** YOUR ASSIGNMENT **
Lower down are entries containing pictures. Copy exactly, without those pictures, the lines from the line with "Tiny photo for" through the line with "Hotel Pension Sonnenuhr".

** RECORD EXTRACTS **
○ ○ ○

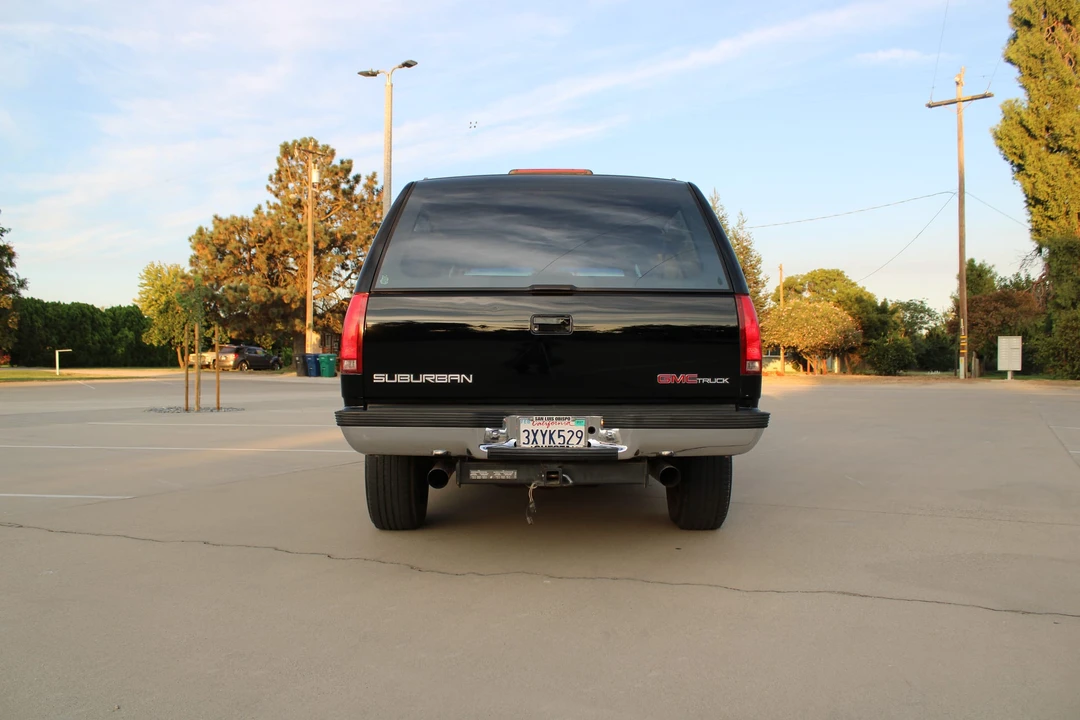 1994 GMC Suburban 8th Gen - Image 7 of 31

○ ○ ○

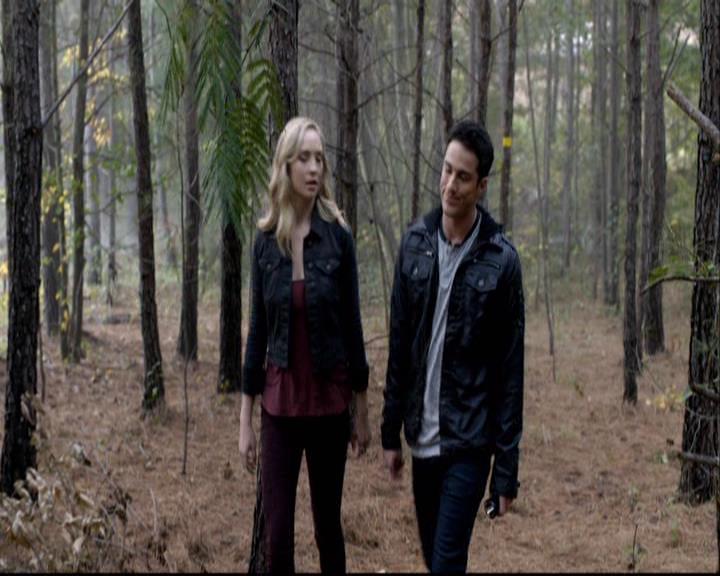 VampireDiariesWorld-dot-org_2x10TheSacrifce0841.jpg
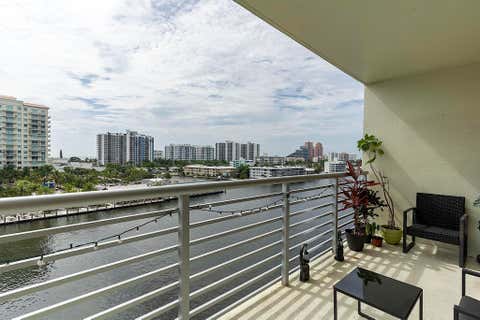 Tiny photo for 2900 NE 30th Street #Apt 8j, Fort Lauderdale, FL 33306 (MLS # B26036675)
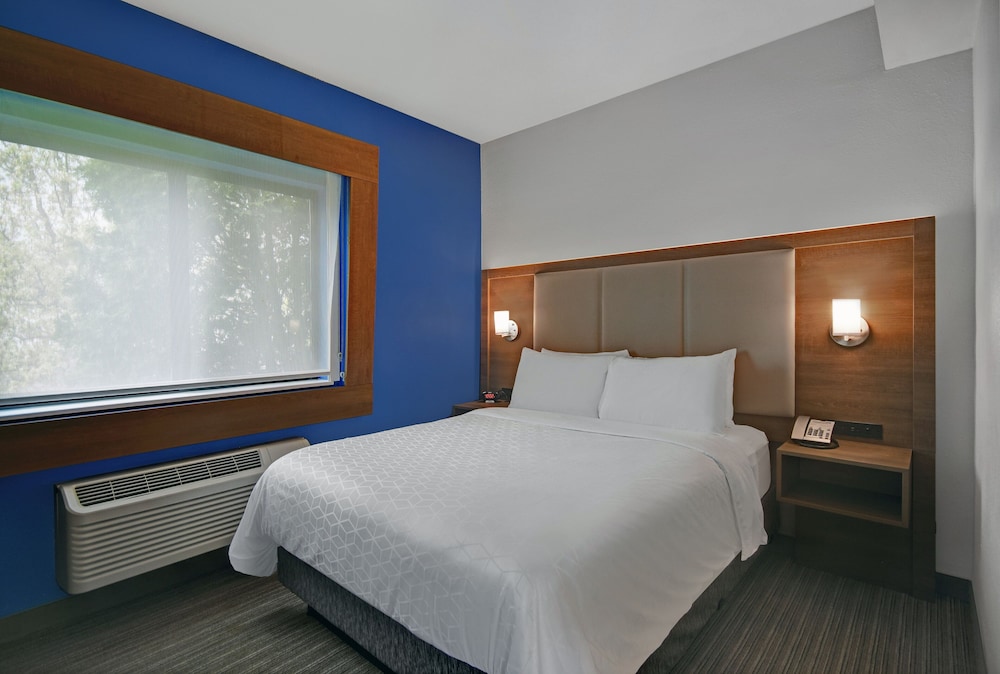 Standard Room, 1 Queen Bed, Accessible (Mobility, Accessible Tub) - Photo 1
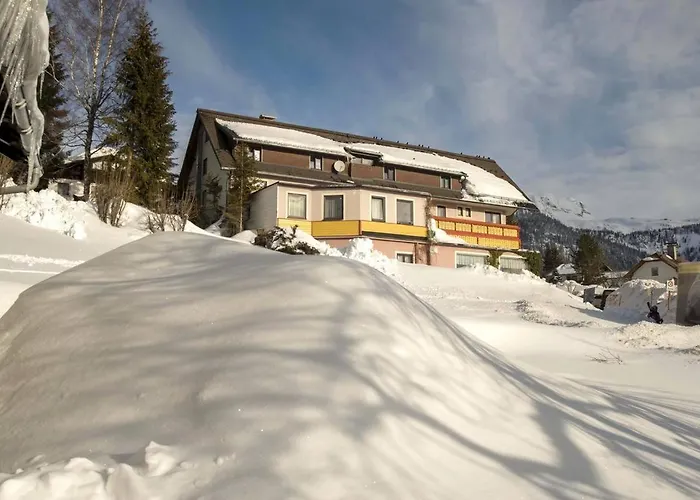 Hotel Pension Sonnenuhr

○ ○ ○

** RESPONSE TO THE EXERCISE **
 Tiny photo for 2900 NE 30th Street #Apt 8j, Fort Lauderdale, FL 33306 (MLS # B26036675)
 Standard Room, 1 Queen Bed, Accessible (Mobility, Accessible Tub) - Photo 1
 Hotel Pension Sonnenuhr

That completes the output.